Reproduce the records below exactly as they appear, omitting any pictures they contain.

##### DATA FOR THIS EXERCISE #####

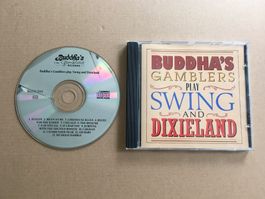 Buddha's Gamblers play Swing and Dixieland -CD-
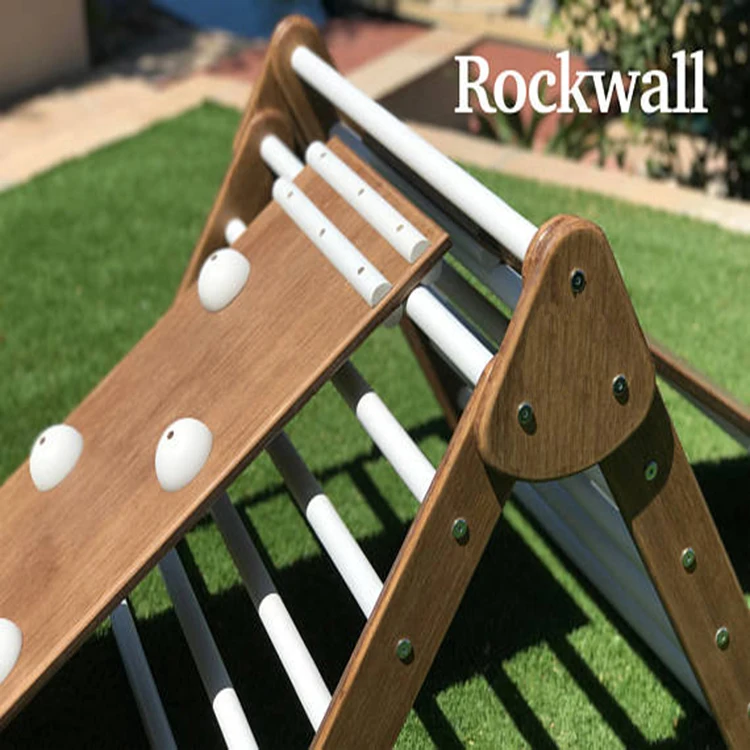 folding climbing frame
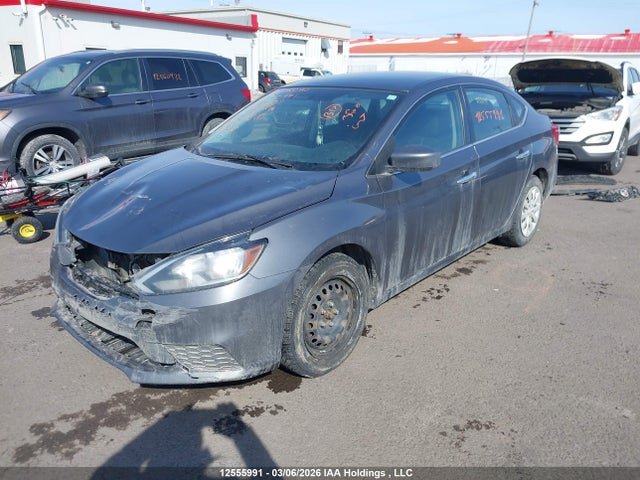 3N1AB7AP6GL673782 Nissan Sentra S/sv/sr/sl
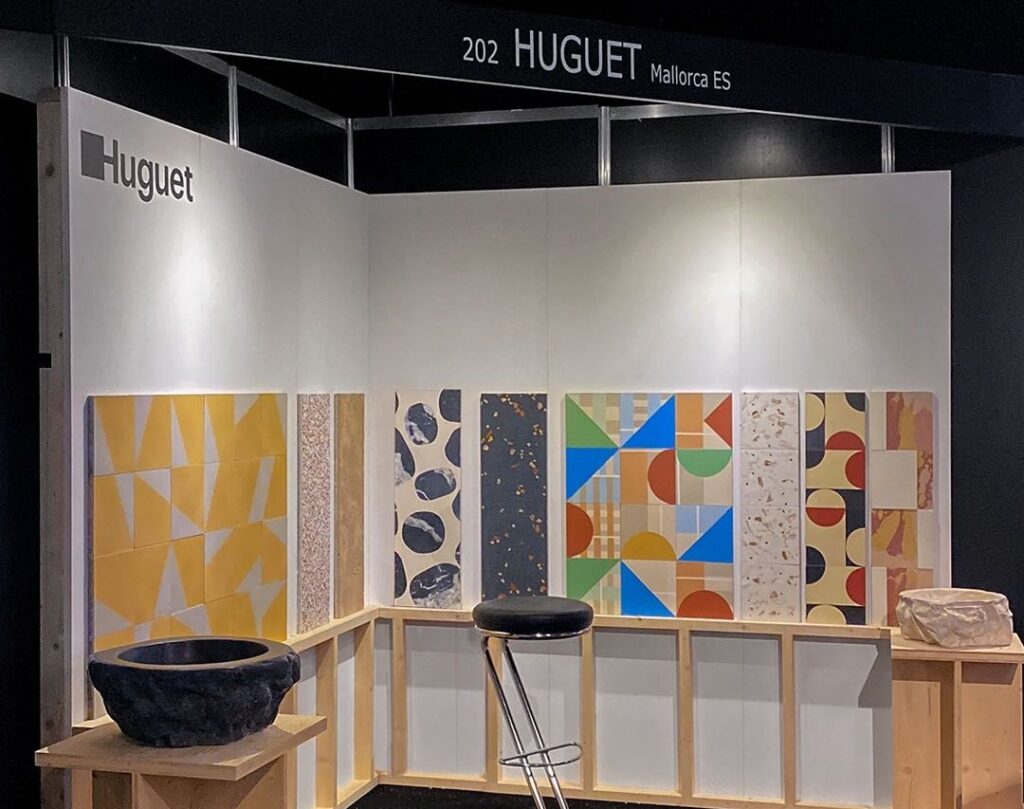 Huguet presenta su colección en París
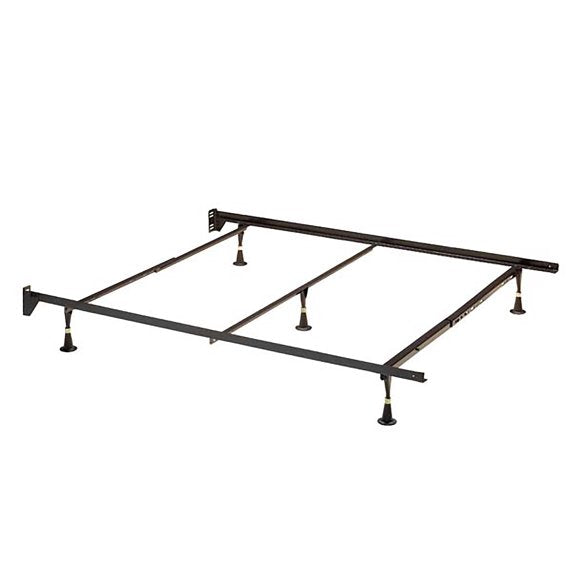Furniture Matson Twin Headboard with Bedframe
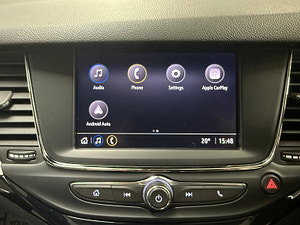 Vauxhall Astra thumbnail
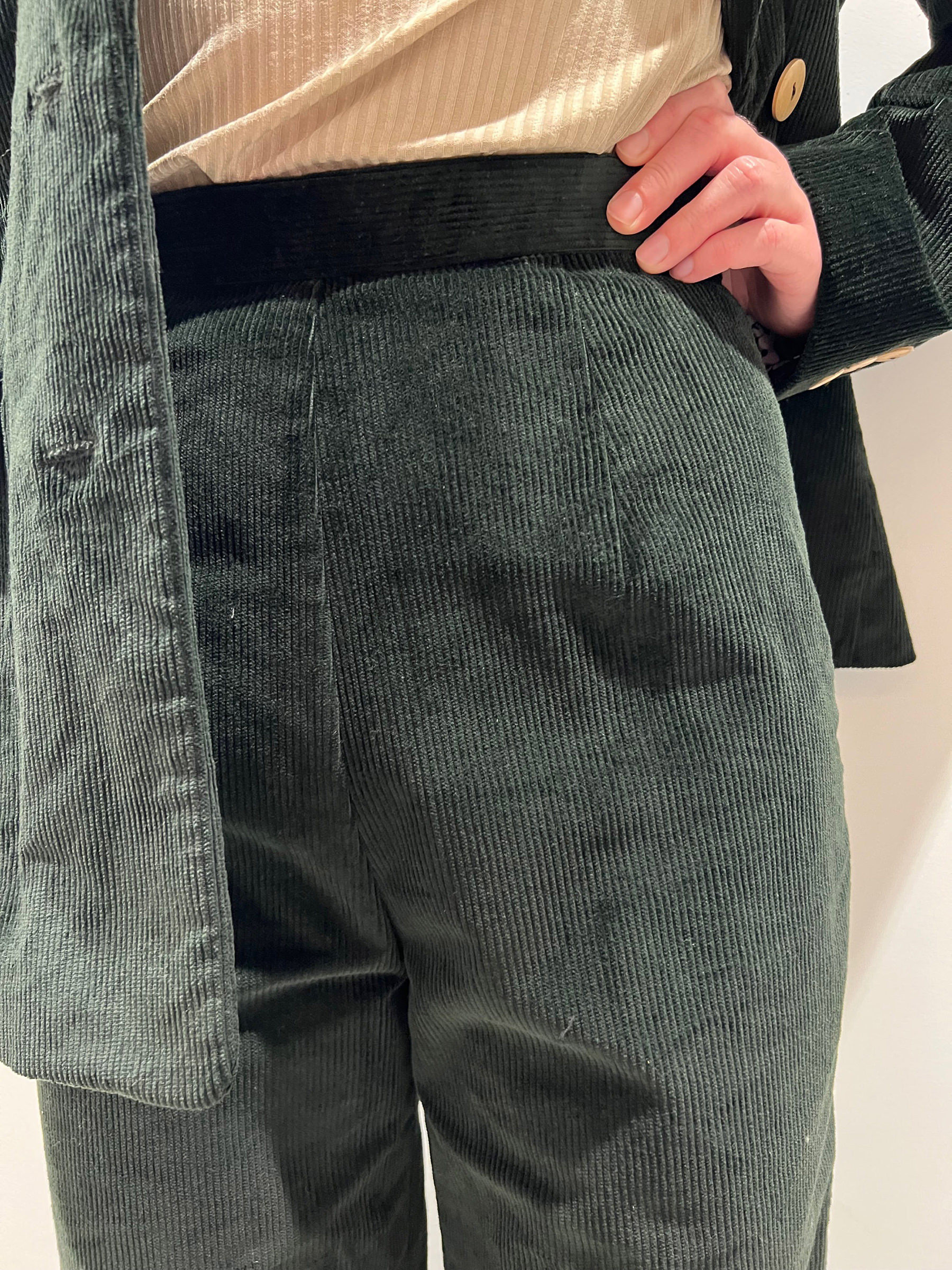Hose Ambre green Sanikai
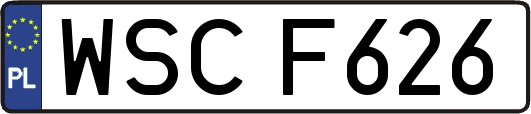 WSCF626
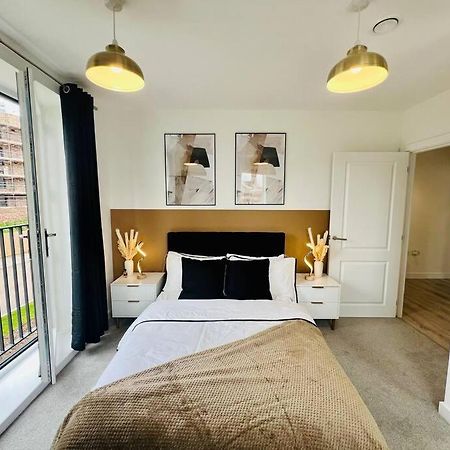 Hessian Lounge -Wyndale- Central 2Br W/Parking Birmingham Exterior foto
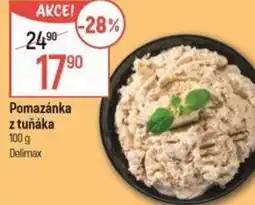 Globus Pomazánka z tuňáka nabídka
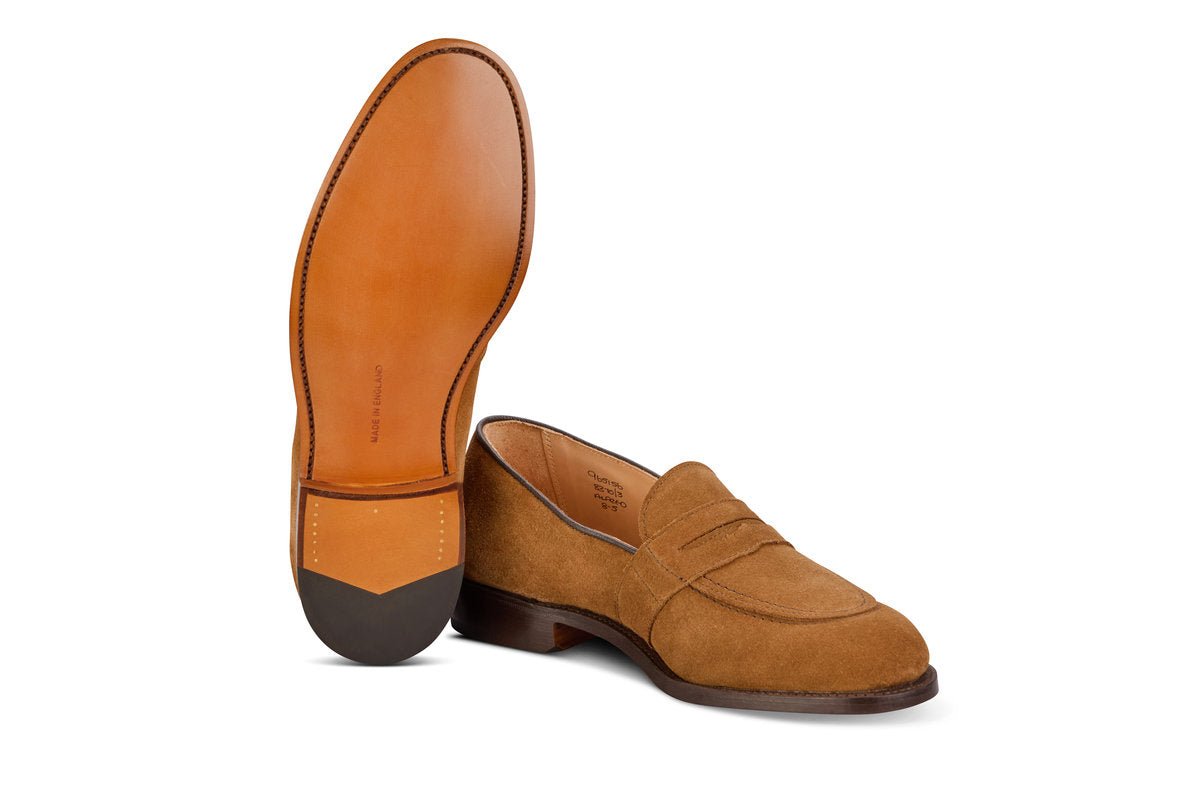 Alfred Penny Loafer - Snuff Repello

#####

SOLUTION FOR THIS EXERCISE:
 Buddha's Gamblers play Swing and Dixieland -CD-
 folding climbing frame
 3N1AB7AP6GL673782 Nissan Sentra S/sv/sr/sl
 Huguet presenta su colección en París
Furniture Matson Twin Headboard with Bedframe
 Vauxhall Astra thumbnail
Hose Ambre green Sanikai
 WSCF626
 Hessian Lounge -Wyndale- Central 2Br W/Parking Birmingham Exterior foto
 Globus Pomazánka z tuňáka nabídka
 Alfred Penny Loafer - Snuff Repello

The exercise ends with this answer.